Update the project code to make it compatible with Cloud Functions and return data in JSON format. Also add an entry point that Cloud Functions will use to run the project.

import asyncio
import json
from datetime import timedelta

import functions_framework
from flask import Request, Response

from crawlee import service_locator
from crawlee.crawlers import (
BeautifulSoupCrawler,
BeautifulSoupCrawlingContext,
)

# Disable writing storage data to the file system
configuration = service_locator.get_configuration()
configuration.persist_storage = False
configuration.write_metadata = False


async def main() -> str:
crawler = BeautifulSoupCrawler(
max_request_retries=1,
request_handler_timeout=timedelta(seconds=30),
max_requests_per_crawl=10,
)

@crawler.router.default_handler
async def request_handler(context: BeautifulSoupCrawlingContext) -> None:
context.log.info(f'Processing {context.request.url} ...')

data = {
'url': context.request.url,
'title': context.soup.title.string if context.soup.title else None,
'h1s': [h1.text for h1 in context.soup.find_all('h1')],
'h2s': [h2.text for h2 in context.soup.find_all('h2')],
'h3s': [h3.text for h3 in context.soup.find_all('h3')],
}

await context.push_data(data)
await context.enqueue_links()

await crawler.run(['https://crawlee.dev'])

# Extract data saved in `Dataset`
data = await crawler.get_data()
# Serialize to json string and return
return json.dumps(data.items)


@functions_framework.http
def crawlee_run(request: Request) -> Response:
# You can pass data to your crawler using `request`
function_id = request.headers['Function-Execution-Id']
response_str = asyncio.run(main())

# Return a response with the crawling results
return Response(response=response_str, status=200)

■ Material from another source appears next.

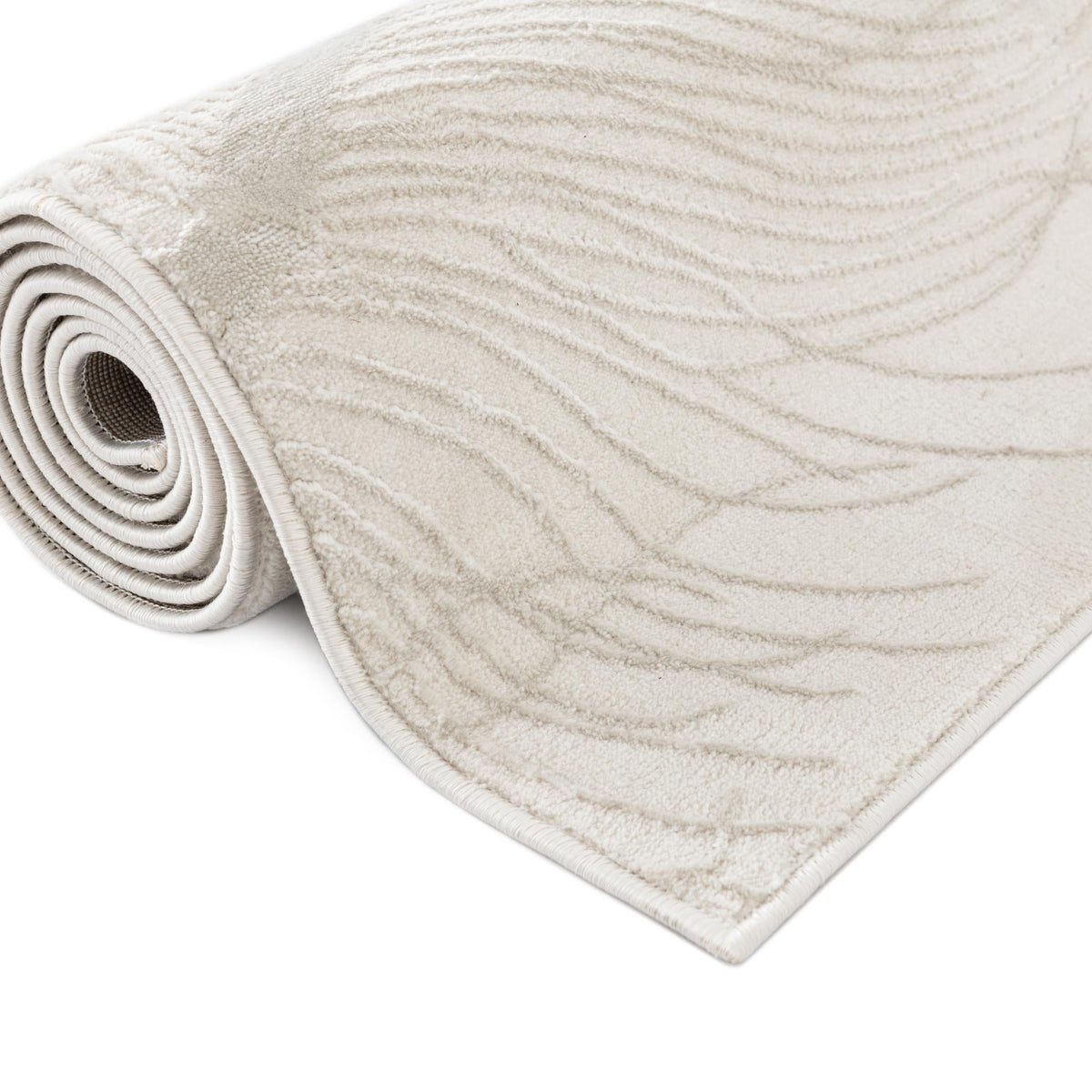 Finsbury Camilla Ivory Area Rug | Original supplier photo 22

You can test your project locally. Start the server by running:

functions-framework --target=crawlee_run

Then make a GET request to http://127.0.0.1:8080/, for example in your browser.

Deploying to Google Cloud Platform

In the Google Cloud dashboard, create a new function, allocate memory and CPUs to it, set region and function timeout.

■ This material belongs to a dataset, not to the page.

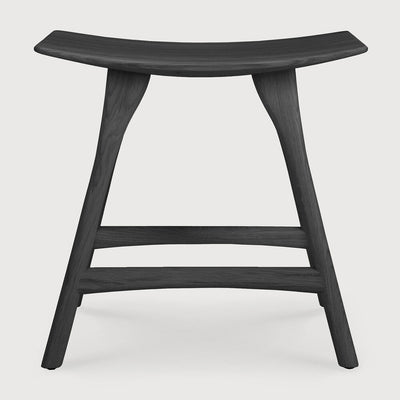 product image for Osso Stool 2 44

When deploying, select "Use an inline editor to create a function". This allows you to configure the project using only the Google Cloud Console dashboard.

Using the inline editor, update the function files according to your project. Make sure to update the requirements.txt file to match your project's dependencies.

Also, make sure to set the Function entry point to the name of the function decorated with @functions_framework.http, which in our case is crawlee_run.

After the Function deploys, you can test it by clicking the "Test" button. This button opens a popup with a curl script that calls your new Cloud Function. To avoid having to install the gcloud CLI application locally, you can also run this script in the Cloud Shell by clicking the link above the code block.